S'il n'y a pas de domination capitaliste si absolue qu'elle ne mettrait plus face à face que bourgeois et prolétaires et liquiderait toute autre relation ou idéologie que marchande, ce n'est pas parce que ce système n'aurait pas (encore) totalement conquis le monde, mais pour deux raisons tenant précisément à sa conquête. D'une part, le capital n'arrive jamais sur une tabula rasa. Même lorsqu'il a fait place nette en Amérique du nord par le génocide, il y a transporté nombre des réalités et des conflits de l'Europe et d'ailleurs. Il ne se produit pas lui-même : il utilise un matériel humain chargé d'histoire. D'autre part, même la société allant le plus loin possible dans la marchandisation et la salarisation, réduisant famille, école, affectivité, sexualité, idéaux, art, politique, etc., à un rapport d'argent et de profit, et se croyant libérée des tensions et idéologies anciennes, revient périodiquement à des pratiques qu'elle disait dépassées, restreignant ou bloquant la libre concurrence, encadrant le parlementarisme de façon autoritaire, rendant la grève impossible ou illégale, réinventant le protectionnisme. Ces apparents retours en arrière sont un effet moderne de la réalité venue au centre de nos sociétés : la relation entre capital et travail, et l'obligation pour le premier de se soumettre le second, sous des formes jamais définitives.

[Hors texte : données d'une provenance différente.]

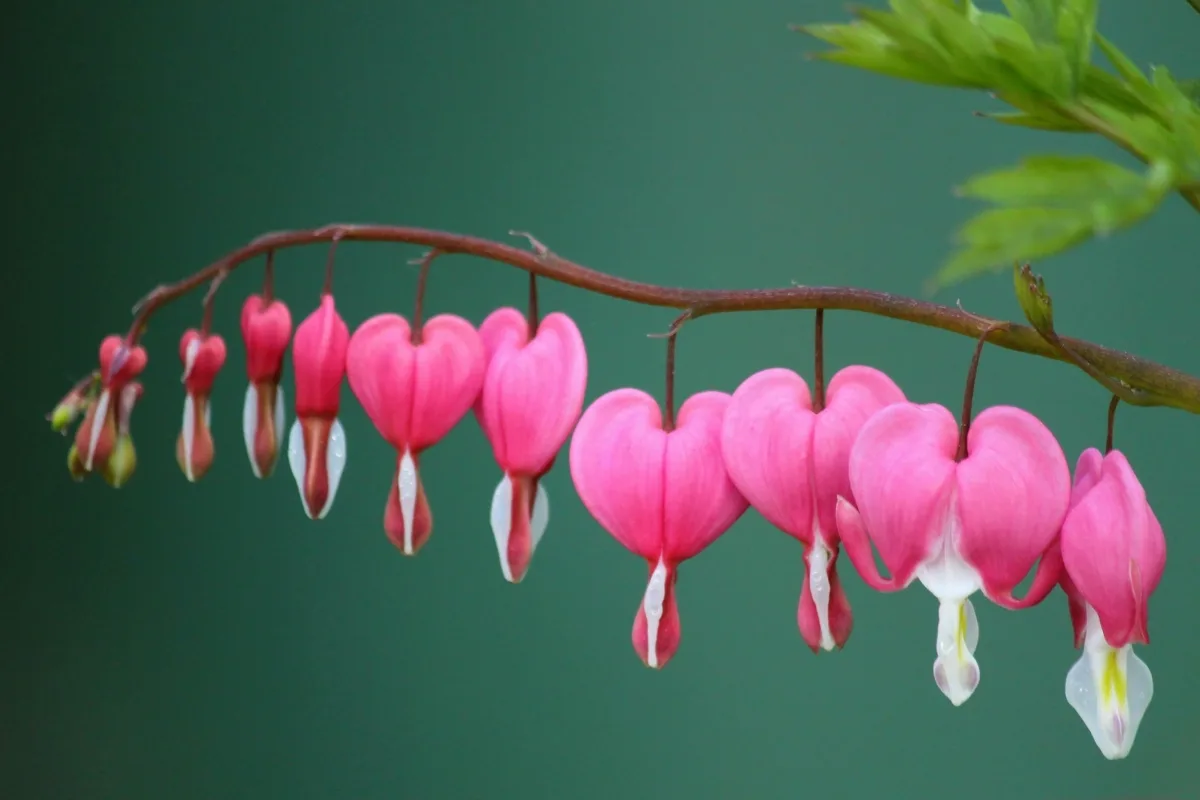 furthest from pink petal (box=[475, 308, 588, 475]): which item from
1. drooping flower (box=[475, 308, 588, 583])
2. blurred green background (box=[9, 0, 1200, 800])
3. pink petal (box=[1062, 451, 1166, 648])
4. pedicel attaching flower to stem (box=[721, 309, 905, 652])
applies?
blurred green background (box=[9, 0, 1200, 800])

Quoique l'avenir du monde ne se décide ni sur les chaînes de montage ni dans les conseils d'administration, le capitalisme n'en est pas moins le moteur de l'histoire depuis la fin du 18e siècle. Aucune guerre contemporaine, de 14-18 à l'Irak actuel, ne s'explique seulement par le jeu des forces du capital et du travail : mais elle se déroule et se résout sous l'influence de ces forces. On peut souligner le poids des archaïsmes à l'œuvre en 1914, les résurgences du passé dans les paroxysmes de 39-45, ou la pesanteur des facteurs pré-, voire anti-capitalistes aujourd'hui à Washington comme à Riyad : cela n'empêche le rôle décisif des logiques et contradictions propres au capitalisme dans tous ces lieux et ces événements.